Kuantum mekaniğinin ortaya koyduğu değişmelere gelince,onlar köklüdür. Fakat bir dereceye değin tartışma ve kesinsizlik söz konusudur orada.
Newton felsefesinde şimdi sözü edilmesi gereken bir değişim vardır. Bu değişme, mutlak uzay ve mekanın bir yana bırakılmasıdır.
Okuyucu bu sorunun Demokritos’la ilgili olarak söz konusu edilişini anımsayacaktır. Noktalardan kurulu uzaya ve anlardan kurulu zamana inanmıştı Newton. Bu zaman ve uzay, kendilerini kaplayan cisimler ve olaylardan bağımsızdır.

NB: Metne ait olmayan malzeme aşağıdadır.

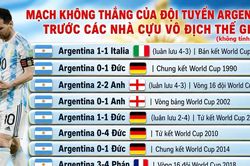 Ám ảnh 36 năm kêu gọi Argentina viết lại lịch sử trước tuyển Anh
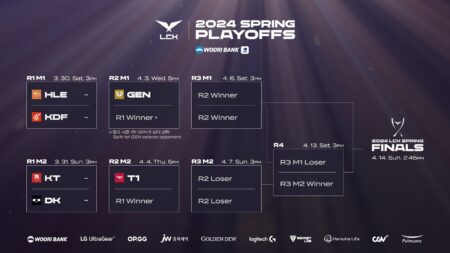 LCK Mùa Xuân 2024: Vòng bảng ngã ngũ, các đội chọn lựa đối thủ cho Playoffs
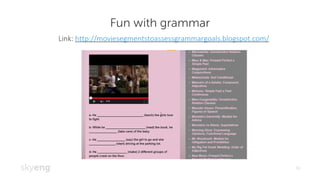Fun with grammar
16
магнитофон
Link:	http://moviesegmentstoassessgrammargoals.blogspot.com/
 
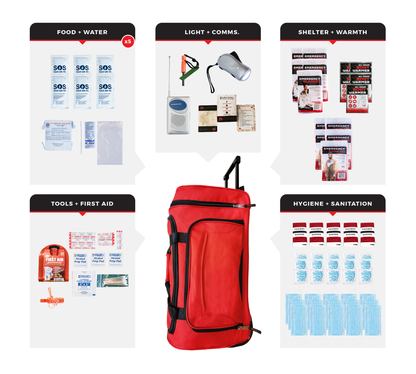 Guardian Survival Kit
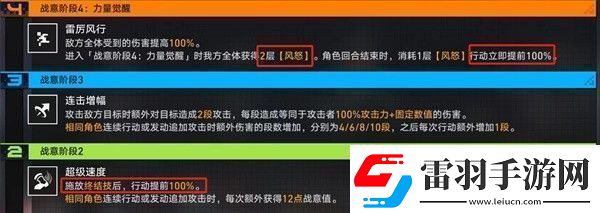 崩壞星穹鐵道戰(zhàn)意狂潮第六關(guān)通關(guān)攻略崩壞星穹鐵道戰(zhàn)意狂潮第六關(guān)怎么打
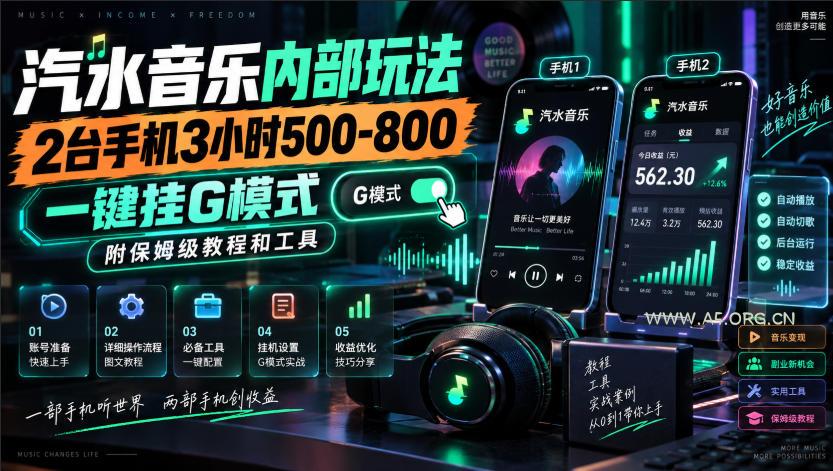 汽水音乐内部玩法,2台手机3小时500-800,一键挂G模式,附保姆级教程和工具【揭秘】-小红泡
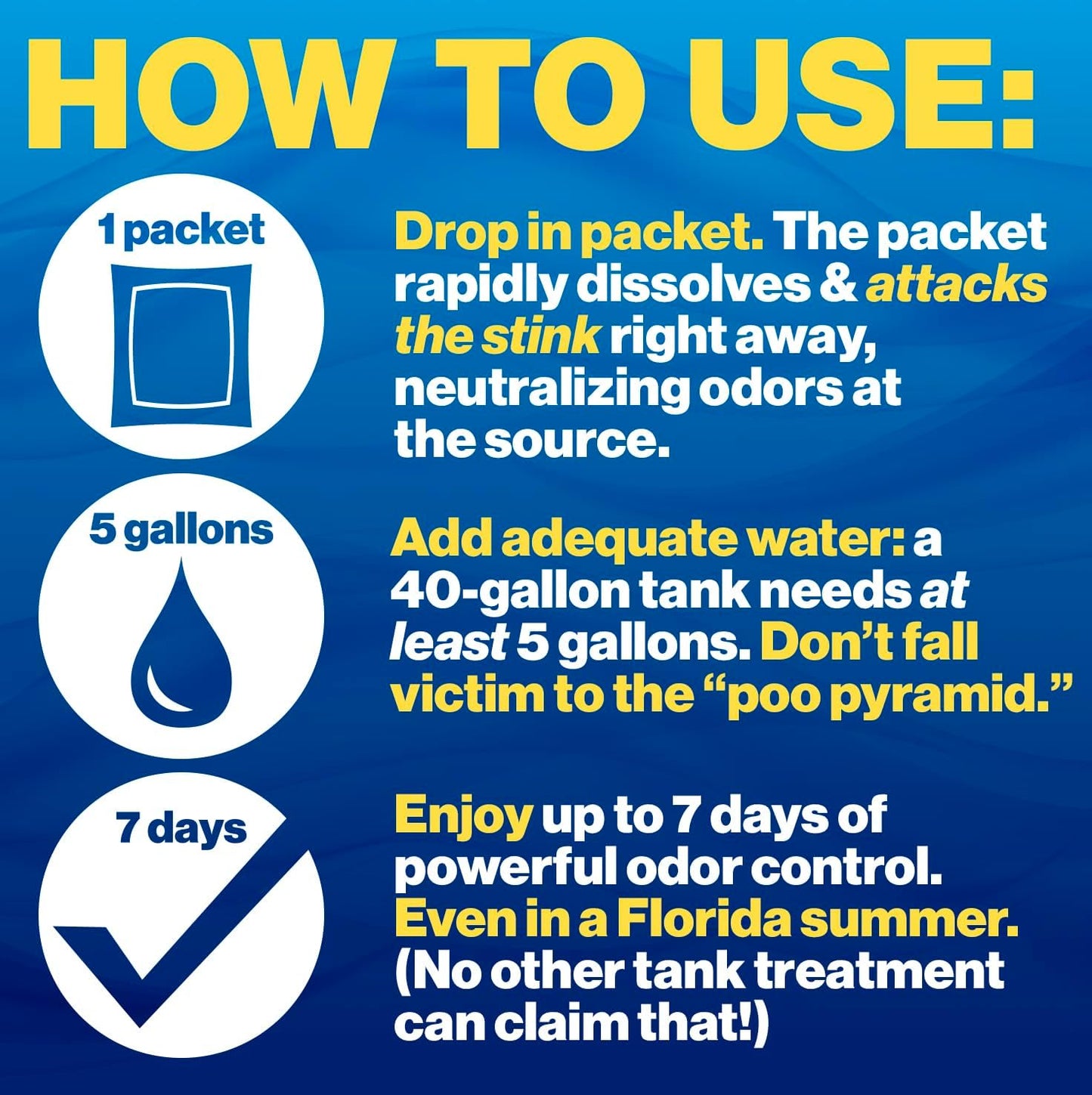 Walex Porta-Pak Black Holding Tank Deodorizer & Portion Control System Drop-Ins - Rapid Breakdown of Waste & Paper, Odor Prevention, Cleans Tank & Sensors - Lavender Breeze, 10-Pack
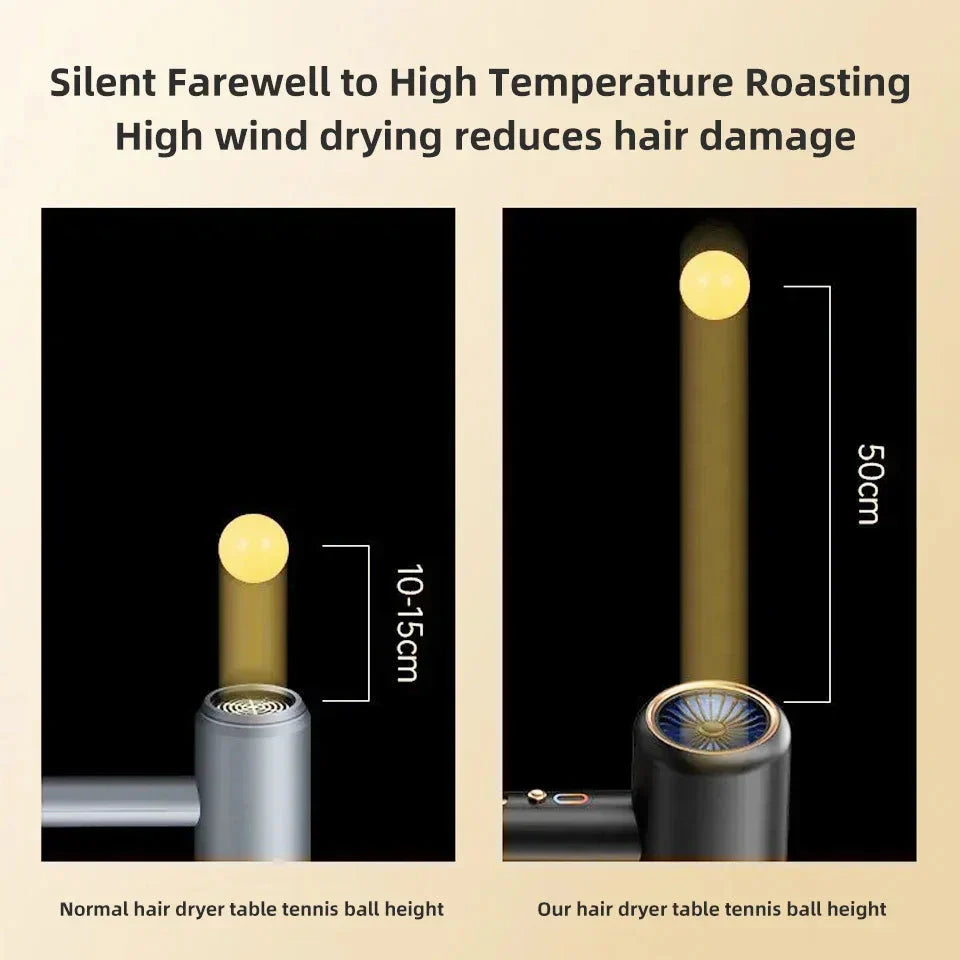 Secador de Pelo de Alto Rendimiento de 2400w con Función de Aire Frío y Caliente - Tecnología Iónica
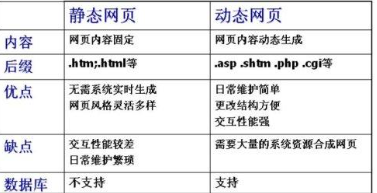 动态网站和静态网站的区别_静态网站托管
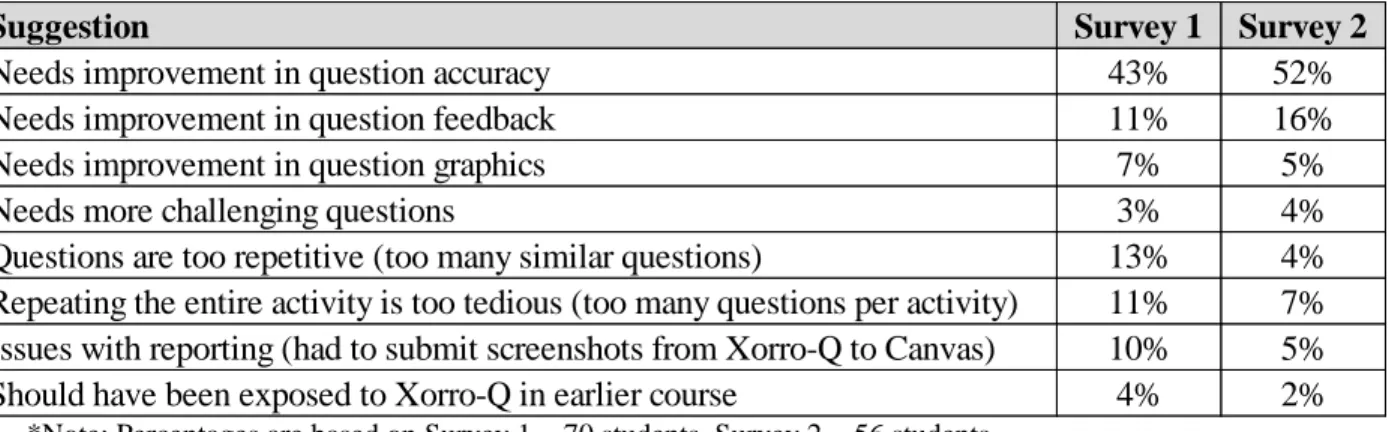 Table 1: Summary of suggestions/feedback provided by students on Xorro-Q activities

Uzay açısından Newton, kendisini destekleyecek empirik bir kanıta sahipti. Mutlaka dönüşü belirleme olanağı ve yeteneği veren fiziksel görünümlü (fenomenli) kanıttır bu.
İçi su dolu bir kova döndürülürse,su kovanın kenarlarına doğru yükselir ve merkezde alçalır. Kova, boşken çevrildiğinde böyle bir olay söz konusu değildir doğallıkla. Newton’un ardından Foucault pandül deneyi Dünya’nın döndüğünü gösterdiği düşünülen bir sonuç verdi.
En modern görüşlerde bile mutlak dönüş sorunu güçlükler göstermektedir. Eğer bütün eylem göreliyse, Dünya’nın döndüğü varsayımıyla göğün döndüğü varsayımı arasındaki ayrım salt sözeldir. Onlar arasında “John, James’in babasıdır” ve “ James, John’un oğludur” tümceleri arasındaki ayırımdan daha büyük bir ayırım bulunmamaktadır.
Eğer gök dönüyorsa,yıldızlar ışıktan daha hızlı gider. Böyle bir şey olanaksızdır. Bu güçlüğe bulunan modern karşılıklar bütünüyle doyurucudur. Fizikçilerin eylemin ve uzayın mutlak göreli olduğunu kabul etmelerine yol açması koşuluyla bu doyuruculuk.
Uzay ve zamanın uzuy-zaman biçiminde birleştirilmesi evren hakkında Galileo ve Newton’dan gelen görüşümüzü büyük ölçüde değiştirdi. Konuya ve kuantum kuramına döneceğim daha sonra.